To work safely where utility services run through our sites, we must make suitable enquiries with the landowner and the owners of the utilities. However, it isn’t enough to just assume an absence of utilities or their position. If you are unsure, or work on site changes, then you must stop work and review the situation.
This is the action taken recently by several Tilhill staff and contractors. A Landscaping team had been provided with electrical cable drawings but verified the location and scanned the work area. In doing so the scanner picked up an unexpected signal. The Network Operator could not confirm what the signal was from but assumed it was an inducted signal in an old cable that had been previously rerouted. The team insisted that the Network Operator come out to site to prove the cable was indeed disconnected and not live. Proving the cable was safe was the correct course of action.
In another example of good practice, a harvesting team began extraction from a site across third party land. After just a few loads it was identified that the extraction route crossed an intermediate gas pipeline. Extraction was stopped immediately. The extraction route had changed part way through planning after advice had originally been sought from the Network Operator. The pipeline had been mapped as far as the original extraction route required it. It had been assumed that the line would continue to run away from the site but, had the pipeline been reviewed when extraction plans were changed this would have shown the pipeline actually changed direction through 90 degrees. Stopping as soon as it was discovered that the Hazards and Constraints map was not complete was the correct course of action.
On another harvesting site the team was unable to move timber while awaiting information regarding suitable heights for goal posts from the Network Operator. This is normally a simple process where the Network Operator comes to site, measures the height of the lines and provides the GS6 form with the relevant details. On this occasion, the GS6 form was not provided. The harvesting team was not prepared to assume the correct height and sought assistance from the Safety & Assurance Team. Not making an assumption and asking for help was the correct course of action.
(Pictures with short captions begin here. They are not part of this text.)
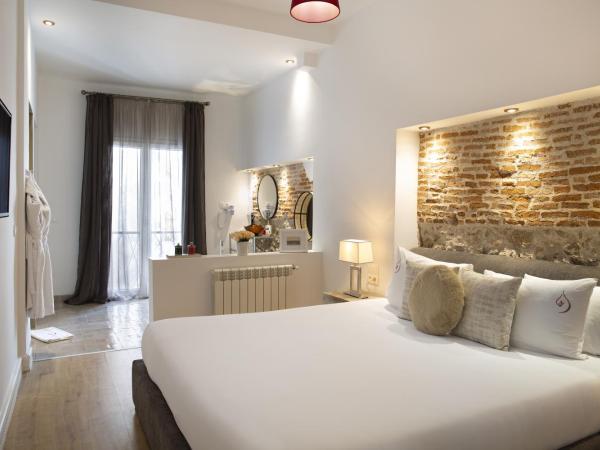 Suite Azur Hotel : photo 4 de la chambre suite deluxe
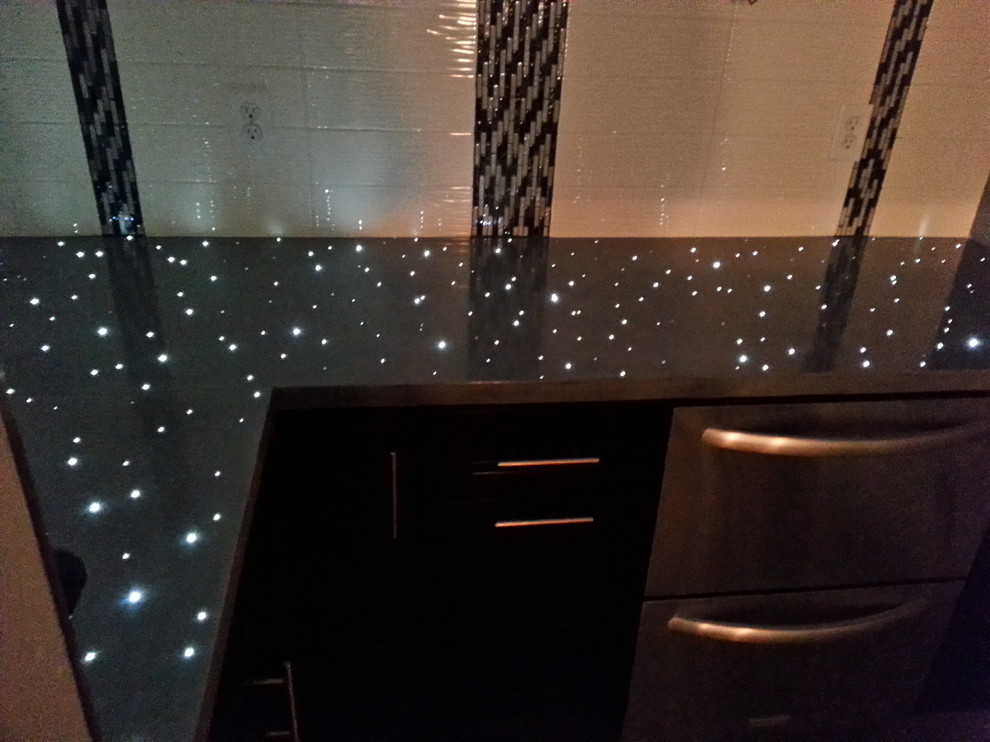 Basement - basement idea in Boston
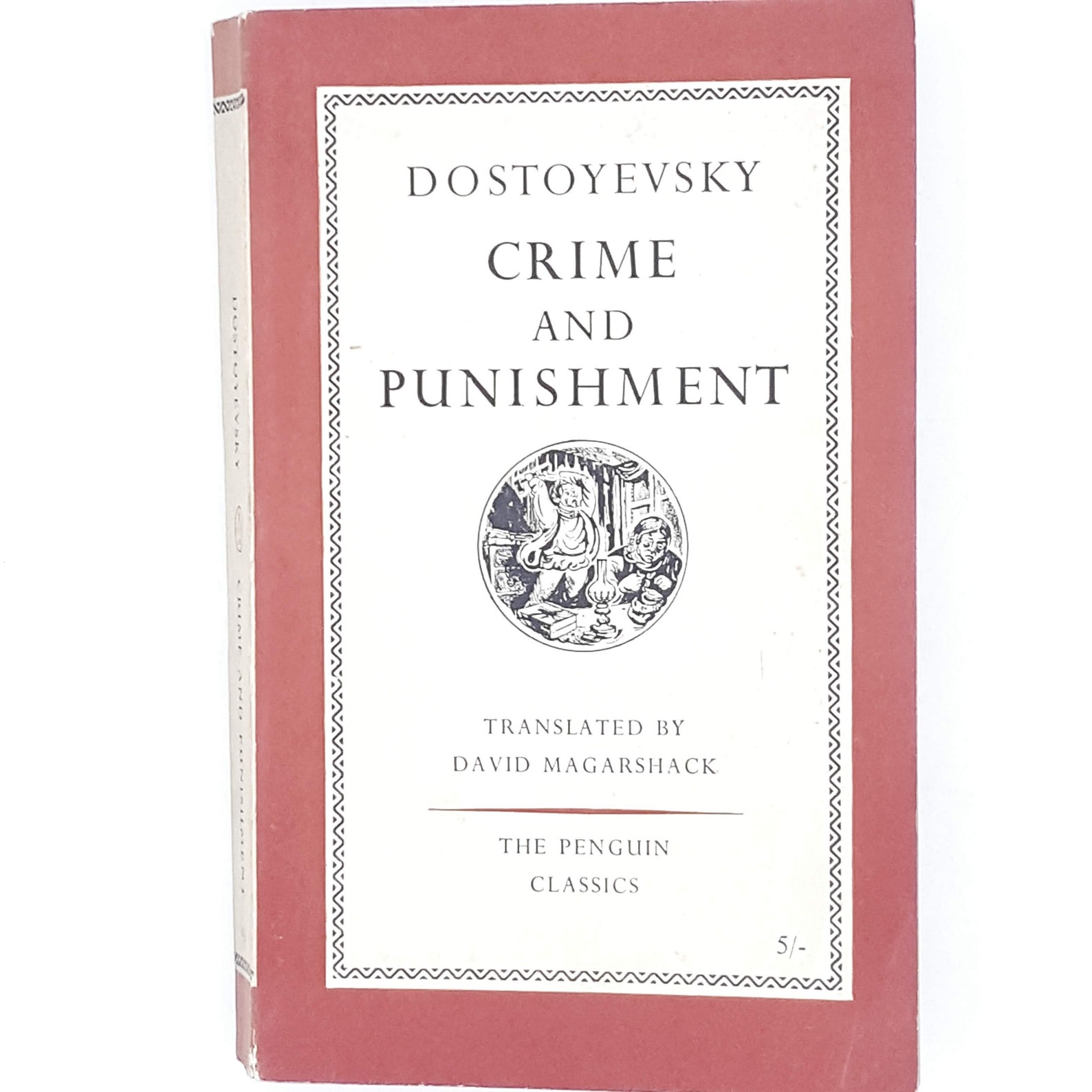 dostoevsky crime and punishment dostoevsky crime and punishment
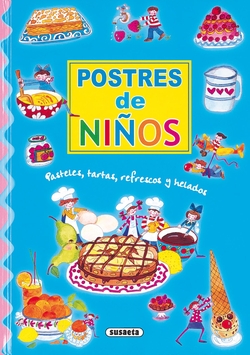 Postres de niños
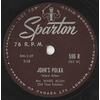 John's Polka // B.C. Centennial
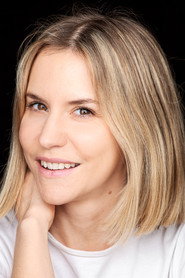 Photo of Sofie Hamilton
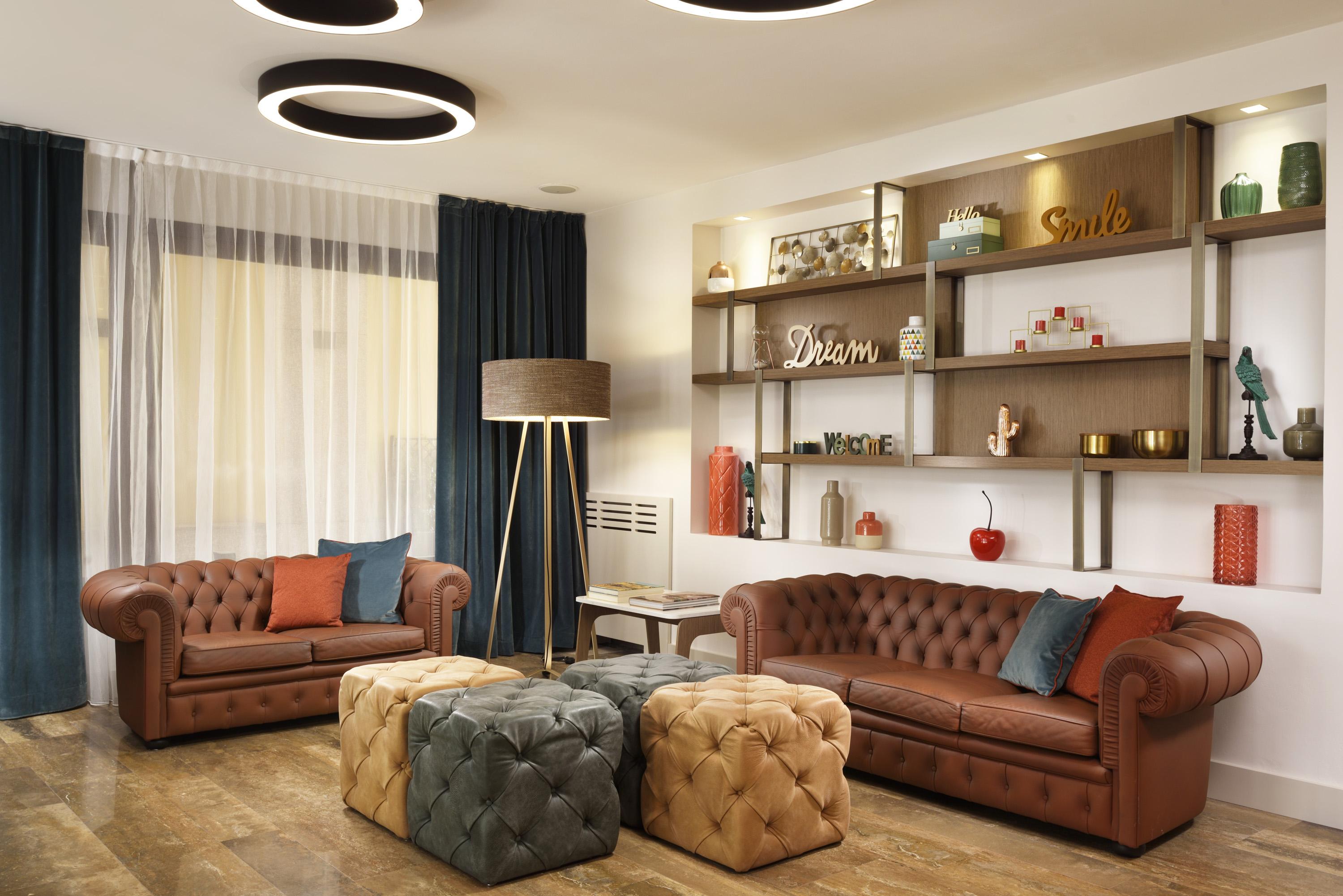 Unaway And Linea Uno Hotel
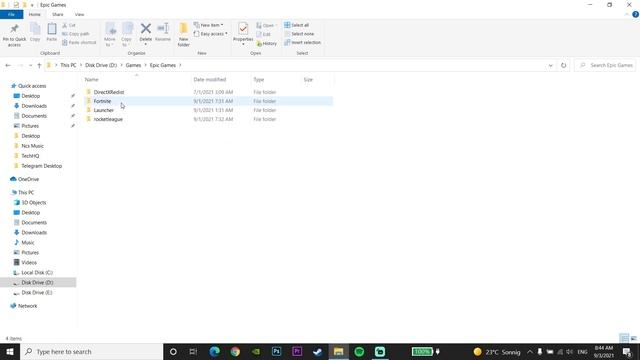 How to fix rocket league not launching on epic games launcher | rocket league not opening смотреть онлайн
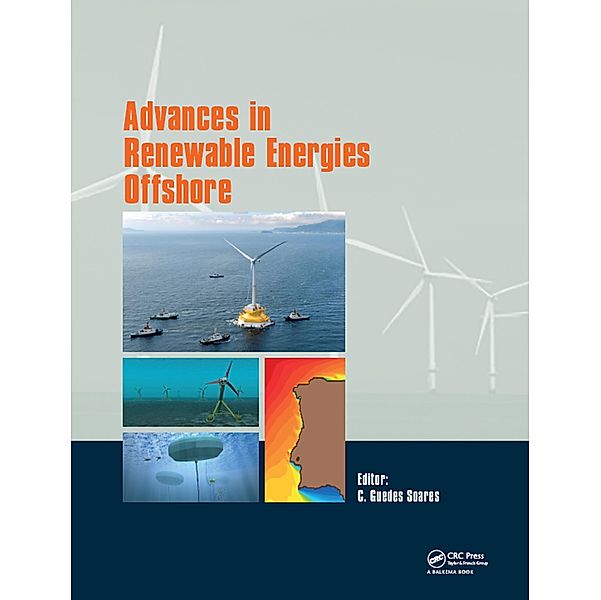 Advances in Renewable Energies Offshore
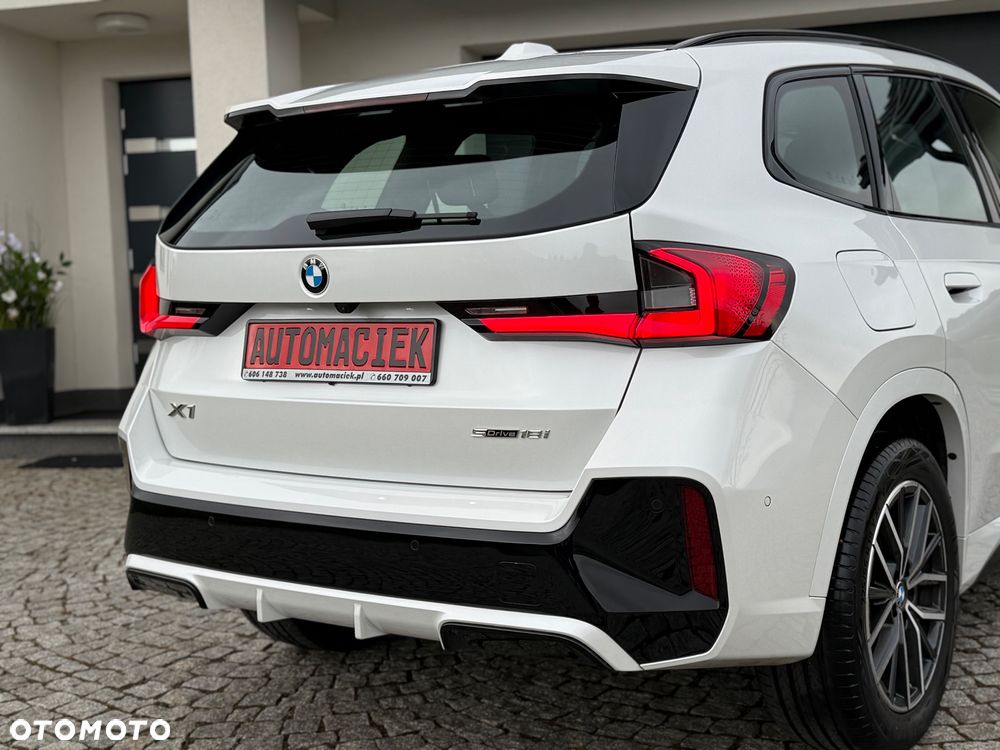 BMW X1 - 9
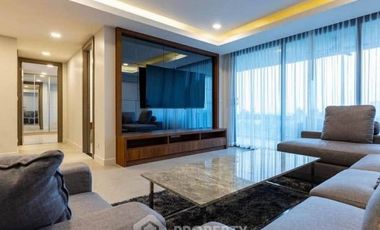 For sale 2 bedrooms condo in Jomtien, Pattaya
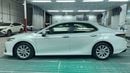 Toyota Camry 2024 SE | AED 1292/Month | 0 DP | 30 Day Return | Warranty | Service History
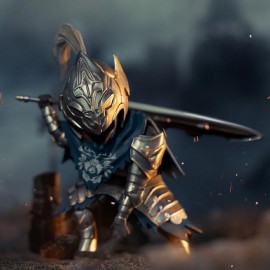 BEEMAI Firelink DkSouls Series 1 1PC Blind Box Figures, Random Design Cute Figures Collectible Toys Birthday Gifts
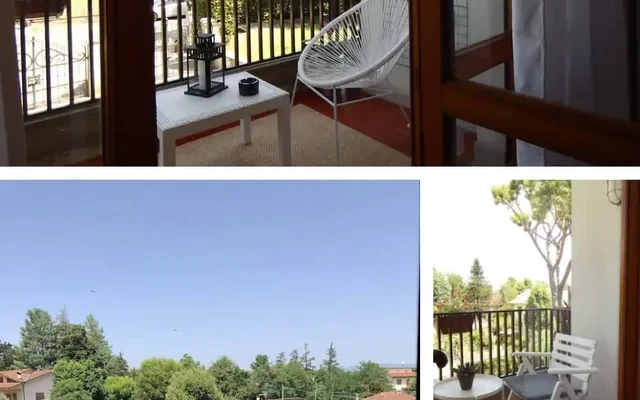 Apartment in Via di Molina, Capannori for 220 m² with 3 bedrooms 4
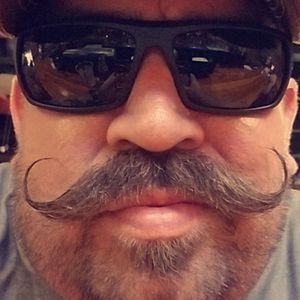 Meet your Posher, Garrick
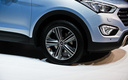 Hyundai Grand Santa Fe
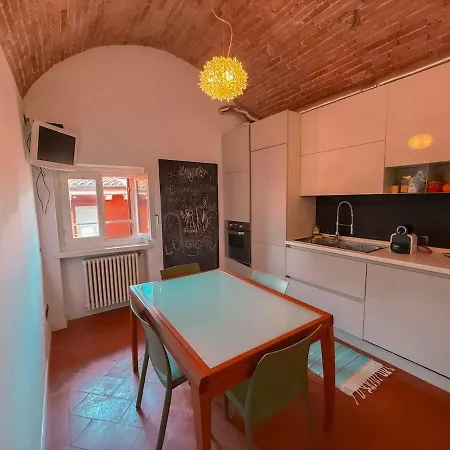Sky View Residenza - Piazza Erbe Appartement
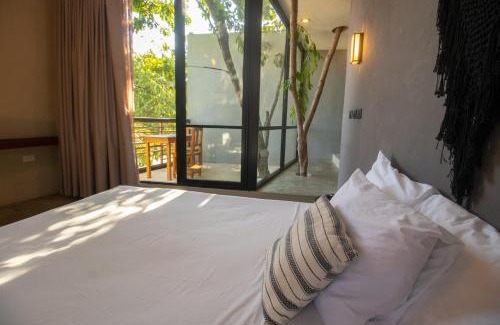 Tulum City Center Hotel | BAU Tulum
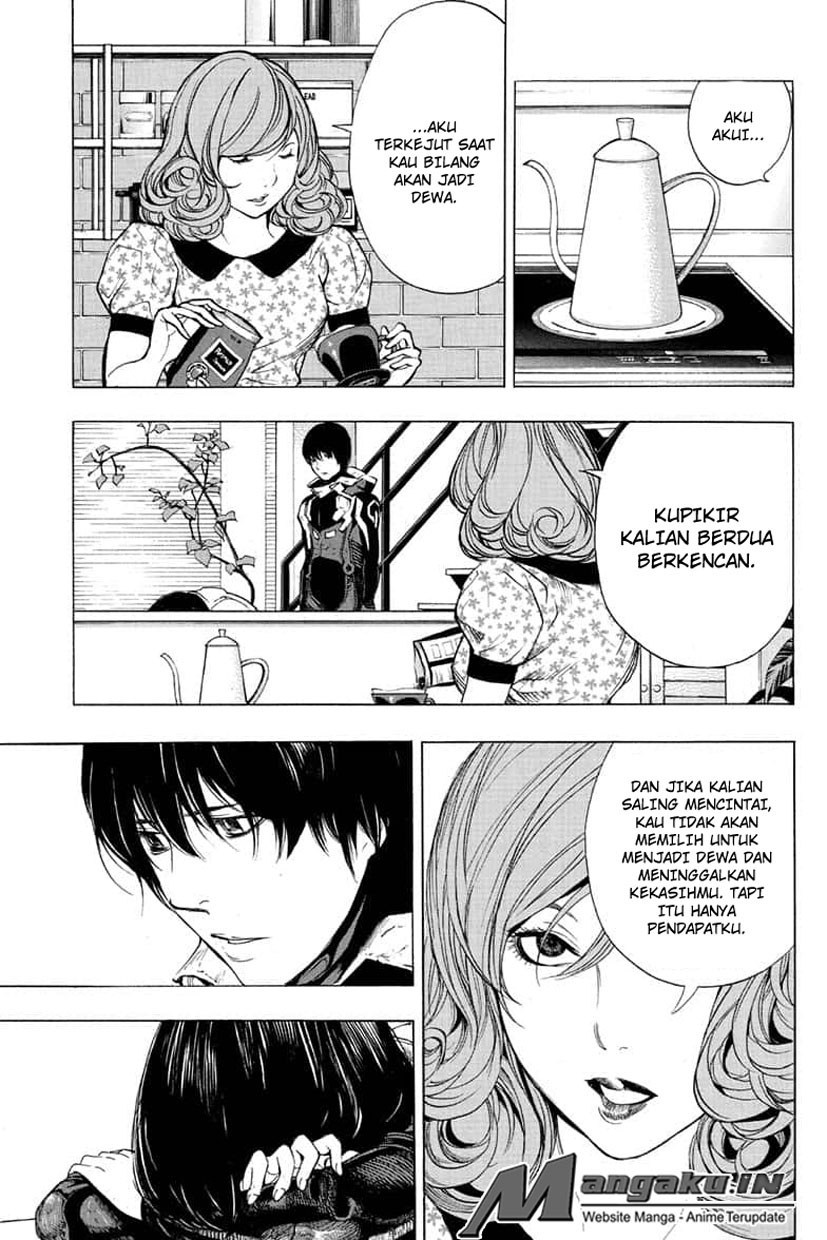 Platinum End Chapter 41 Bahasa Indonesia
The striking of utilities with machinery is a known killer. We must never assume the safety surrounding them. We must verify their location and the required control measures to keep all on site safe. Everyone working for Tilhill has the right to stop work if they feel it presents a danger to life. We have recently updated our Health & Safety Policy to reflect this. We Insist that this right is exercised so we can find safe and healthy ways to work. Stopping can be Starting – Starting to work safely.